» WHAT TO DO:
Wherever an image appears in the records, exclude it, and reproduce everything else exactly.

» WORKING DATA:
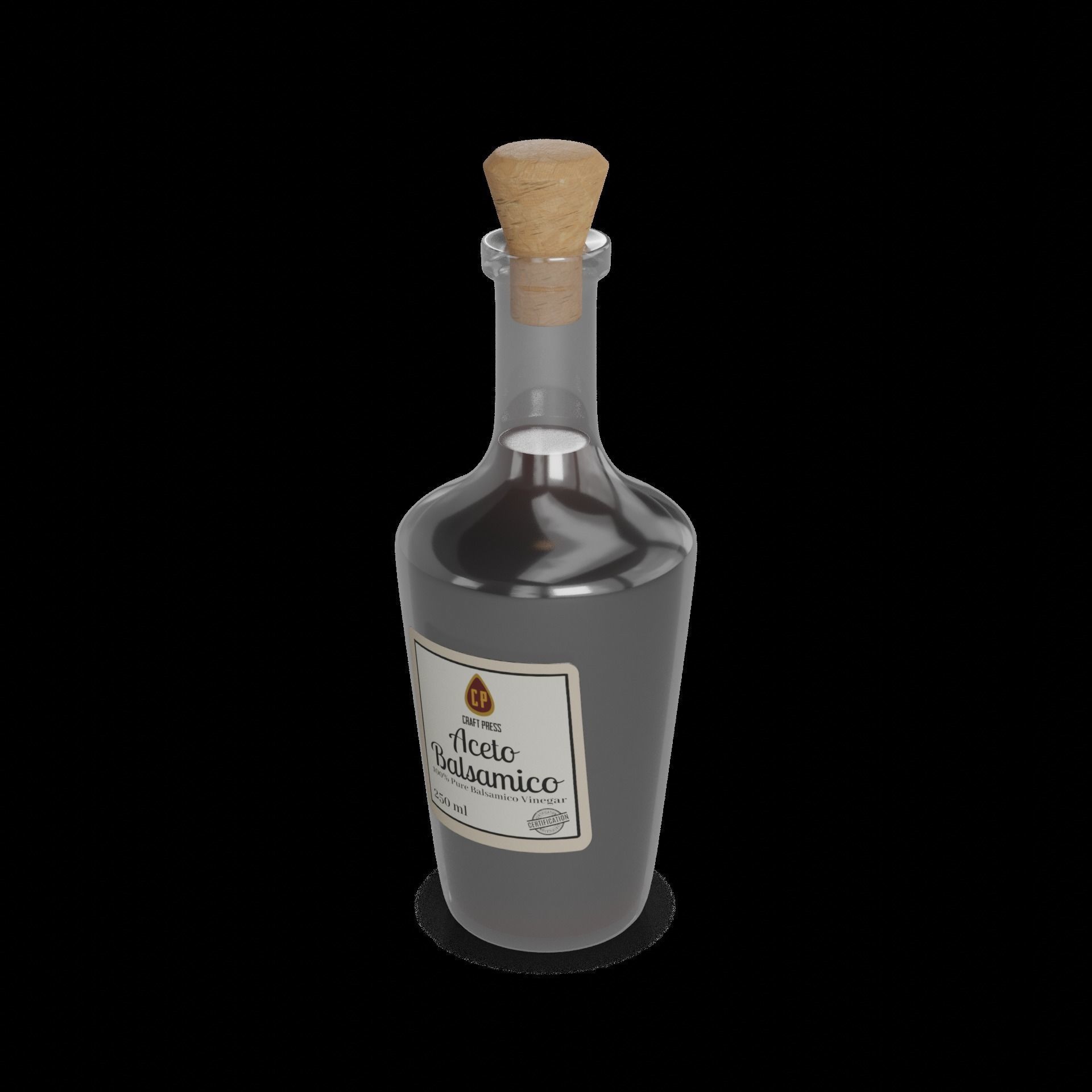 Vinegar and concentrated lemon juice Balsamic Vinegar Low-poly 3D model_1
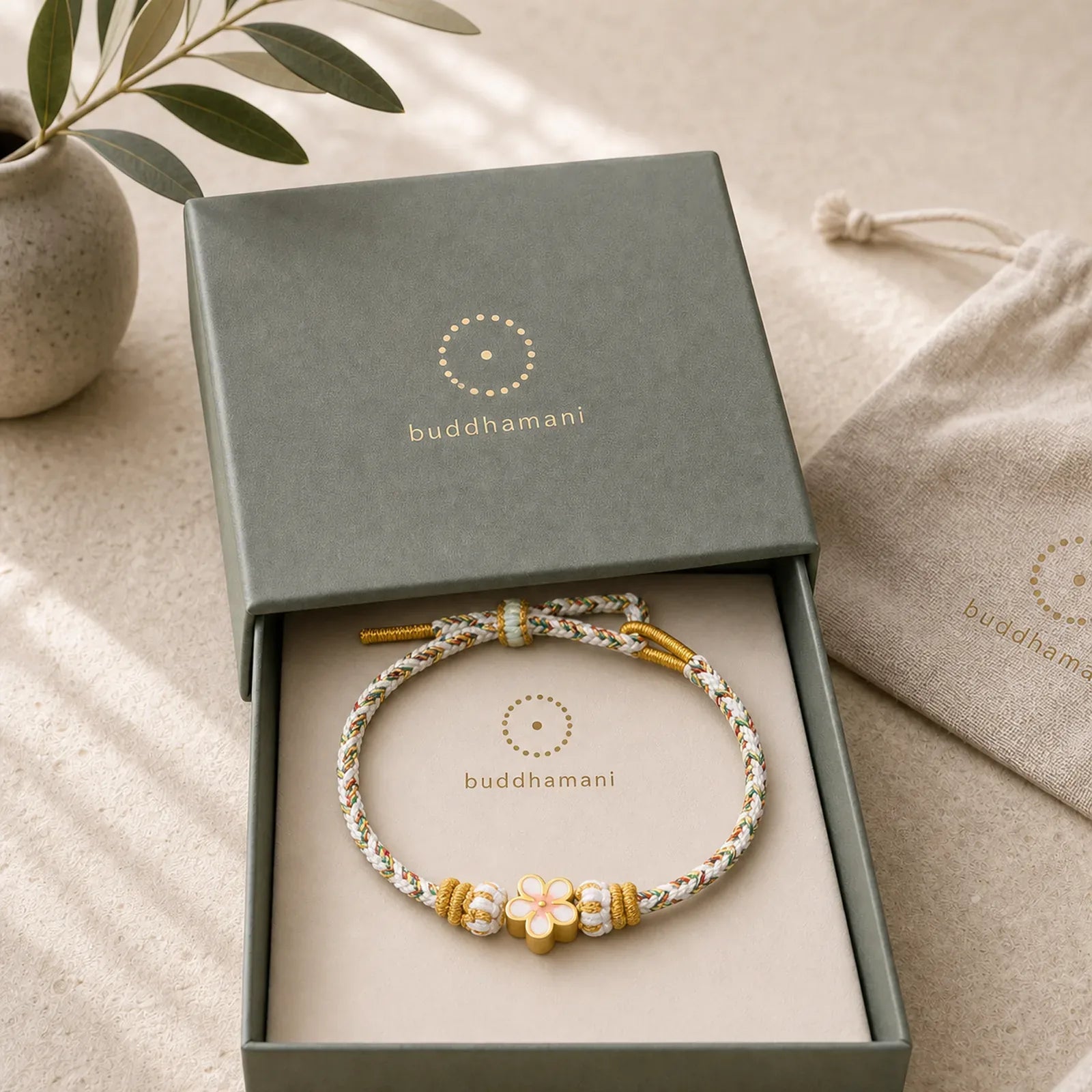 White Braided Rope Flower knowledge Bracelet featuring Red String
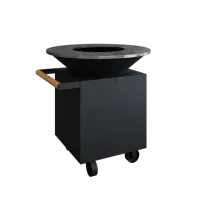 Gratar OFYR Negru 100 PRO cu vatra de gatit pe lemne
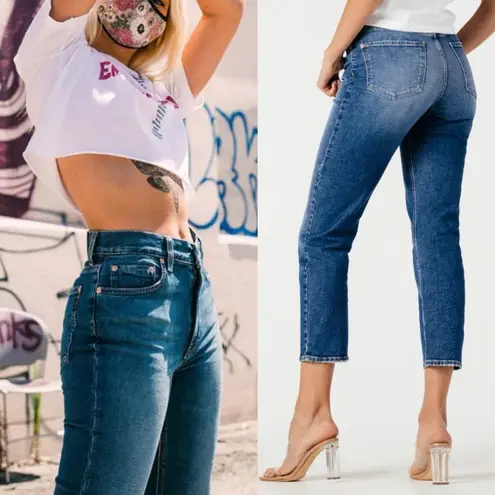 Modern American Lafayette Narrow Mid Rise Slim Crop Jean Santa Fe Size 25 Blue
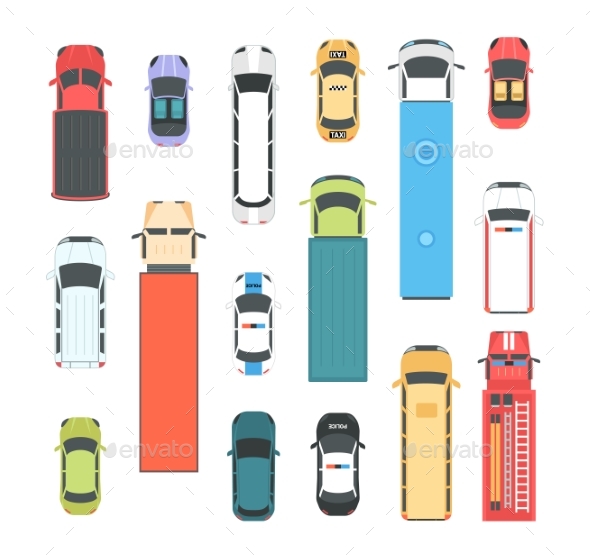 Vehicles - Set of Modern Vector City Elements - Man-made Objects Objects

» WRITTEN RESPONSE:
 Vinegar and concentrated lemon juice Balsamic Vinegar Low-poly 3D model_1
 White Braided Rope Flower knowledge Bracelet featuring Red String
 Gratar OFYR Negru 100 PRO cu vatra de gatit pe lemne
 Modern American Lafayette Narrow Mid Rise Slim Crop Jean Santa Fe Size 25 Blue
 Vehicles - Set of Modern Vector City Elements - Man-made Objects Objects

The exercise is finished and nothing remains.